El poeta asegura que los mexicanos han sido sumamente galantes y atentos consigo. Todos los mexicanos que conoce son amabilísimos… Algo recuerda de improviso y no lo deja pasar:

“Sólo a uno conocí que me insultó. Era un periodista y dijo que se decepcionaba de la modestia de mi casa. ¿Qué quería? ¿Un palacio? Para mí es suficiente vivir en un pañuelo. Mientras más pequeña la casa, mejor. Así sé dónde están las cosas.

“También se burló de mis libros”, prosigue. “Le parecieron escasos. ¿Cuántos quería que tuviera un ciego? Se fijó en las goteras del cielo raso y comparó mi cuarto con una celda. No recuerdo su nombre. Seguramente ha de haber escrito después un artículo insolente”.

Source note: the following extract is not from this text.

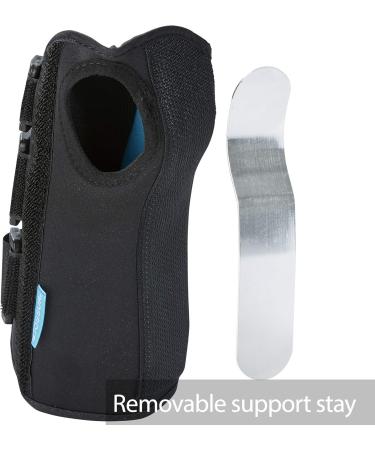 Ossur Formfit Wrist Brace for Tendonitis Carpal Tunnel & Post-Cast Healing | Breathable Custom Fit | Right Large Version - International Shipping - Buy Online on GoSupps.com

Por unos minutos permanece en silencio. Sube y baja la cabeza con espasmo nervioso. Sus amigos tardan y nosotros somos, a fin de cuentas, una presencia extraña. No me hace más preguntas y se lo agradezco. Ha comprendido mi ignorancia. De súbito, con la claridad de sus textos, habla de un  bisabuelo suyo, fusilado durante las guerras civiles. Otra vez el tema de las pampas y la sangre. El hombre siempre ha sido una criatura violenta. Capítulos olvidados de “Historia Universal de la Infamia”.

Sale por ahí de nuevo el geniecillo de la milonga y Borges canturrea:

“A mí me dicen piechico y son de Montevideo…”.


EL ESPECTÁCULO

Regresan lentamente sus compañeros porque ya se acerca la hora del espectáculo. Todavía hay tiempo de interrumpirlo para preguntarle algo sobre su próxima obra:

“Estoy preparando un libro de poemas que se editará en Madrid. También hago un estudio sobre Quevedo, pero espero hacerlo todo en un año. Por lo pronto, pienso visitar China y la India, dos países que me atraen mucho”.

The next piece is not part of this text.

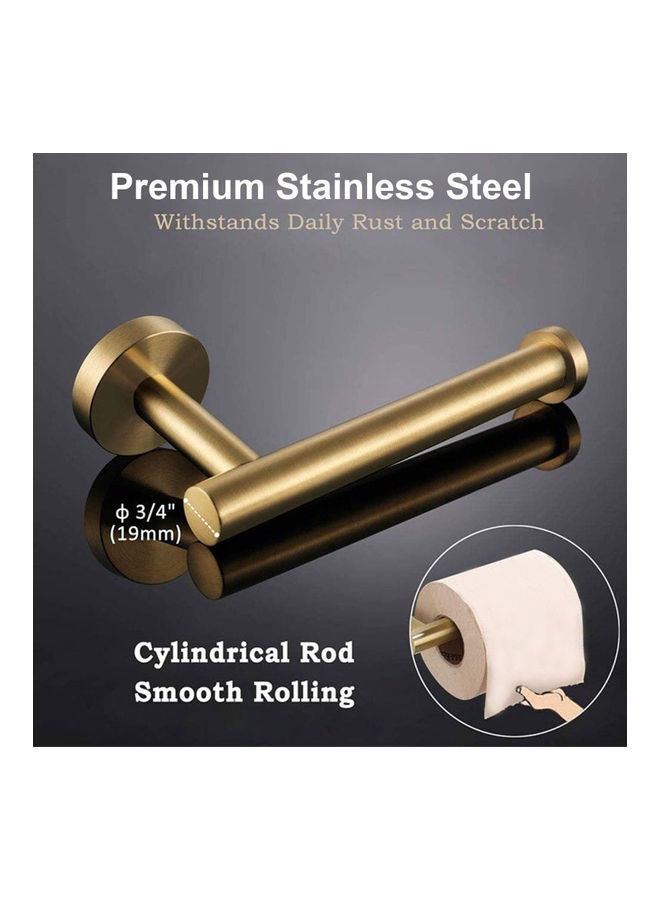 Generic - Towel Rack Gold 165x27mm - Image 1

Con retraso y un coro de moscos, “con uno solo basta”, asegura Borges, el espectáculo da comienzo. Siempre hemos creído que el libreto es algo cursi y empalagoso, a la usanza romántica, del romanticismo menor, desde luego. Borges escucha la historia del fin de Uxmal, la ciudad erificada tres veces. Los funestos amores de la princesa Sac Nicté con el belicoso señor de Chichén. Y cuando el sacerdote maya se pregunta reiterativamente, con dejos de Manrique, en dónde terminó aquella raza de valientes, a lo mejor Jorge Luis reconoció el polvillo de la eternidad de los grandes temas, aquellas octavas suyas:

            ¿Dónde están los que salieron

            a liberar a las naciones

            o afrontaron en el Sur

            la lanza de los malones?

            ¿Dónde están los que a la guerra

            marchaban en batallones?

            ¿Dónde están los que morían

            en otras revoluciones?

Más que la tramoya humana, la noche brindó a todos, incluso a Borges, en esa su forma misteriosa, el primor de la Vía Láctea, gran figura de reparto en el infinito. Como bien dijeran el Sr. Wimer y su esposa Angelina, allá arriba estaba lo más selecto de la jornada.

El poeta se retiró a su hotel enseguida. Cenaría algo ligero más tarde, después de sentir el fresco en la terraza. Hoy lo espera Chichén Itzá, siempre del brazo amigo de María, su discípula y auxiliar en la lectura. Aunque comúnmente es insomne hasta el alba, en Buenos Aires lo mantiene atento el Reloj de los Ingleses, posiblemente en nuestra tierra, exactamente en el sitio sagrado donde está, los señores de los suaves vientos le hayan dado el mensaje del descanso.– Jorge H. Álvarez Rendón.